• **Task requirements**: From the material below, set down exactly the lines that run from the one containing "naval fleet simple" to the one containing "PETITE Jeans de", minus the pictures.

• **Given entries**:

========================

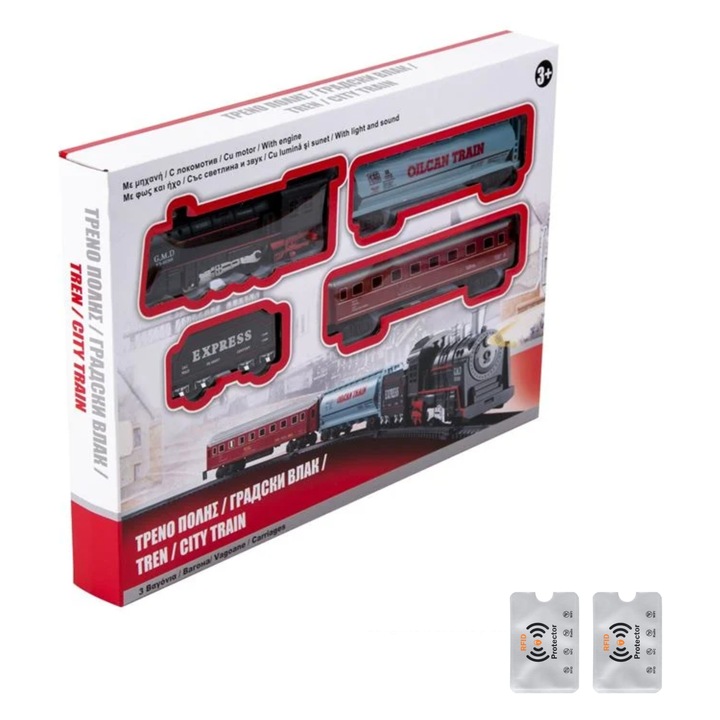 Jucarie Tren Model Express, 1 Locomotiva si 3 Vagoane, Lumini si Sunete, Circuit Sine 85 x 67 Cm, cu 2 Huse Card RFID, UnderShop
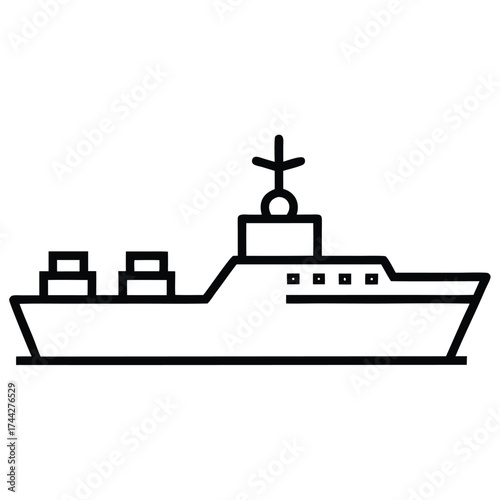 naval fleet simple line art silhouette vector icon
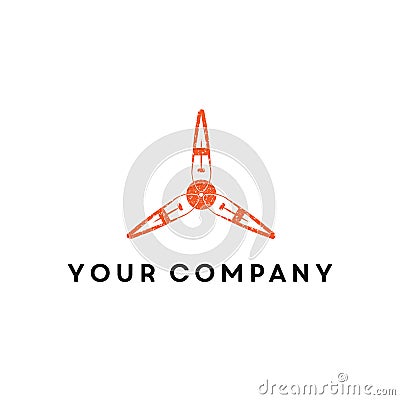 Propeller airplane logo design. vintage, old and modern style logos Vector Illustration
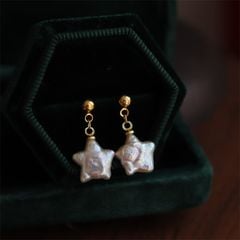 Bông Tai Kim Bạc s925 Tua Rua Viên Ngọc Trai Baroque Tự Nhiên Hình Ngũ Giác Giống Ngôi Sao 5 Cánh MADAME HIEN PEARLS BTB128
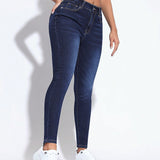 PETITE Jeans de mezclilla casuales y ajustados para mujer para uso diario con bolsillos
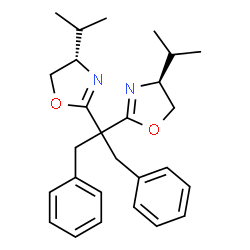 ChemSpider 2D Image | (4S,4'S)-2,2'-(1,3-Diphenyl-2,2-propanediyl)bis(4-isopropyl-4,5-dihydro-1,3-oxazole) | C27H34N2O2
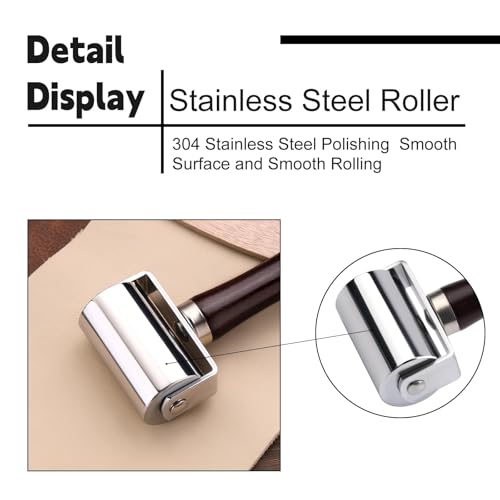 Mnuizu 26 mm+ 60mm Leather Press Edge Roller, Brayer Rollers for Crafting - color: Black, size: 26mm+60mm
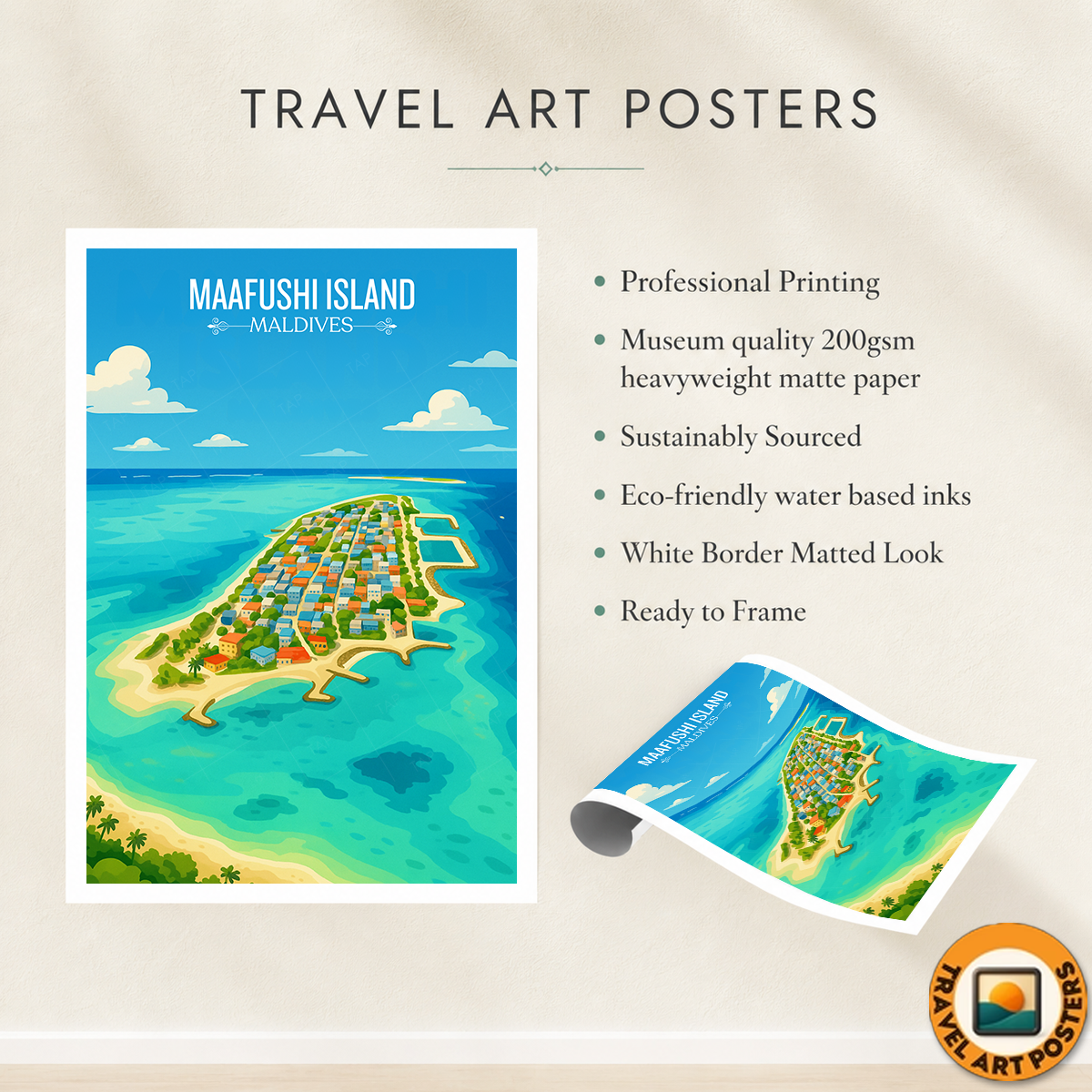 Maafushi island - The Maldives - Travel Wall Art Resort Poster Print - Art Print - Travel Art Poster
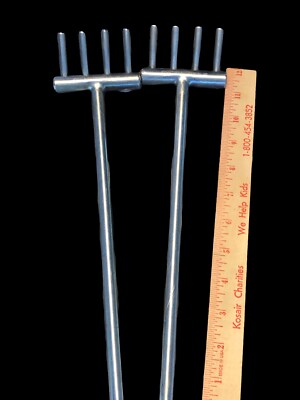 Pair of 13  Serving forks by AMCO 18/8 Stainless Korea #487  Nice. Free Shipping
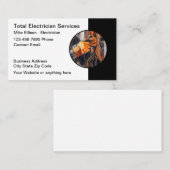 電気工モダン業ユニークカード 名刺 (正面/裏面)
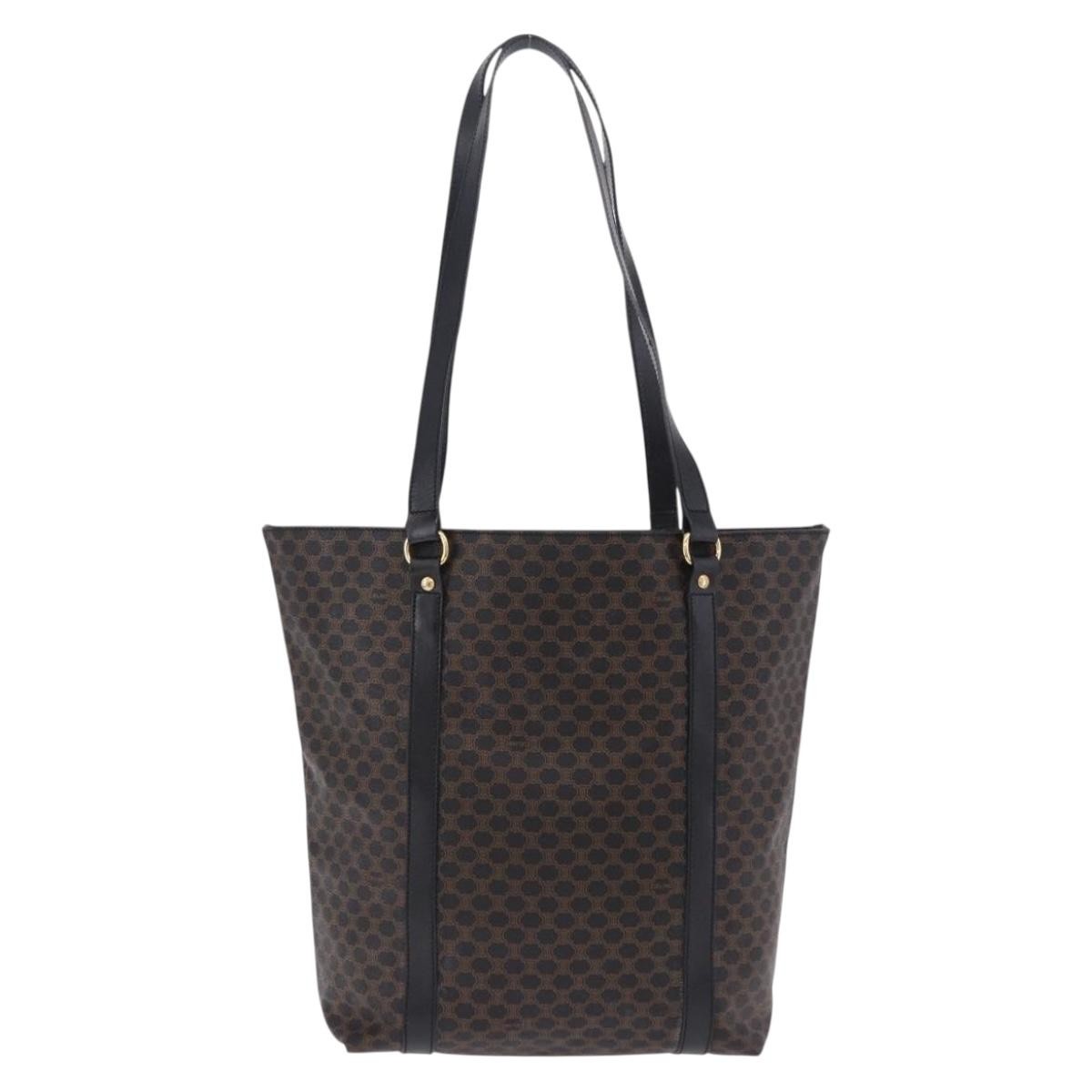 Celine Vintage Macadam Canvas And Leather Black Canvas Shoulder Bag Bag (Pre-Owned)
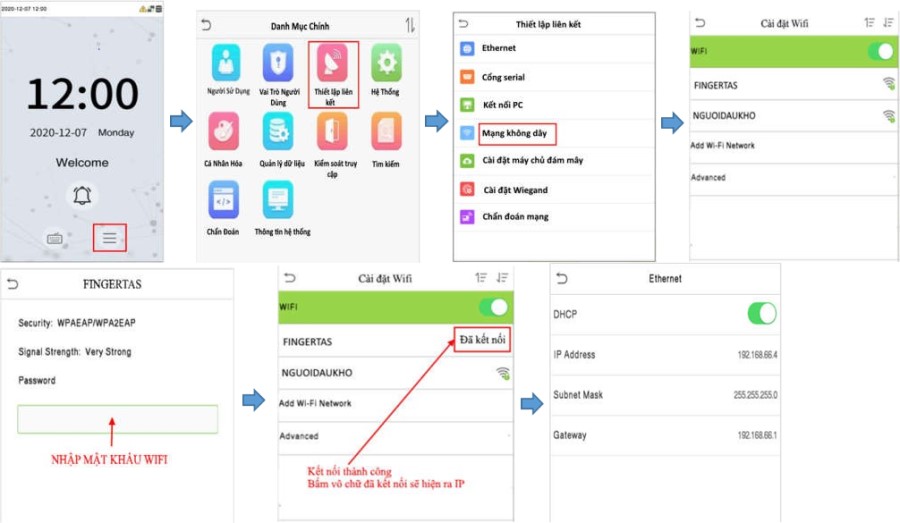 Hướng dẫn kết nối wifi cho máy chấm công bằng khuôn mặt
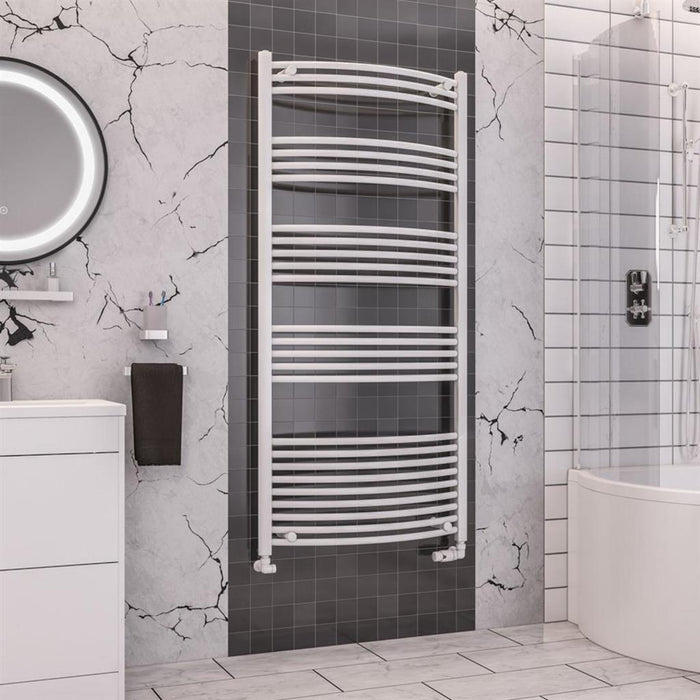 Eastbrook Wendover Vertical Curved Heated Towel Rail - White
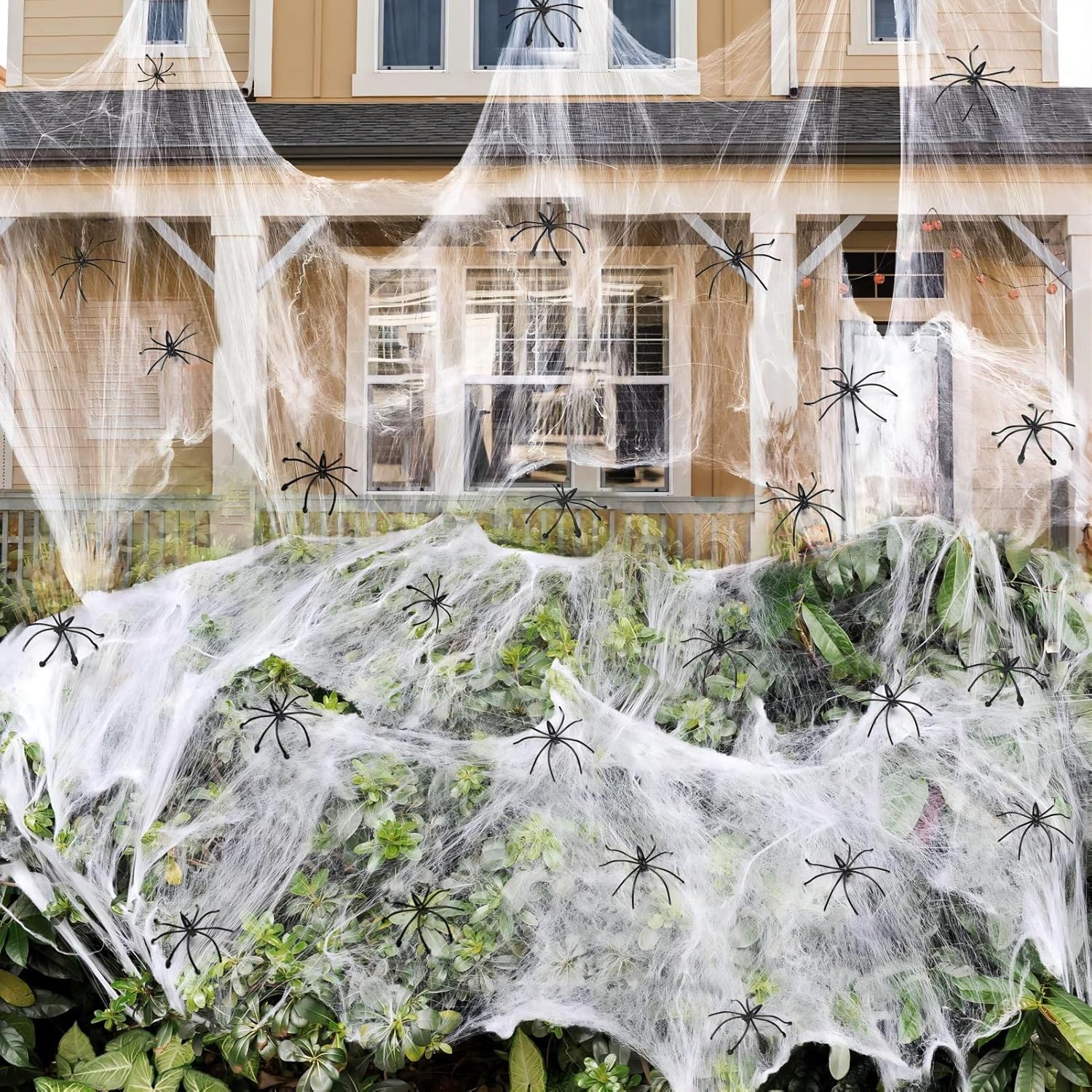 1400 sqft Halloween Spider Webs Decorations with 150 Extra Fake Spiders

========================

• **Result of the task**:
 naval fleet simple line art silhouette vector icon
 Propeller airplane logo design. vintage, old and modern style logos Vector Illustration
 Bông Tai Kim Bạc s925 Tua Rua Viên Ngọc Trai Baroque Tự Nhiên Hình Ngũ Giác Giống Ngôi Sao 5 Cánh MADAME HIEN PEARLS BTB128
 PETITE Jeans de mezclilla casuales y ajustados para mujer para uso diario con bolsillos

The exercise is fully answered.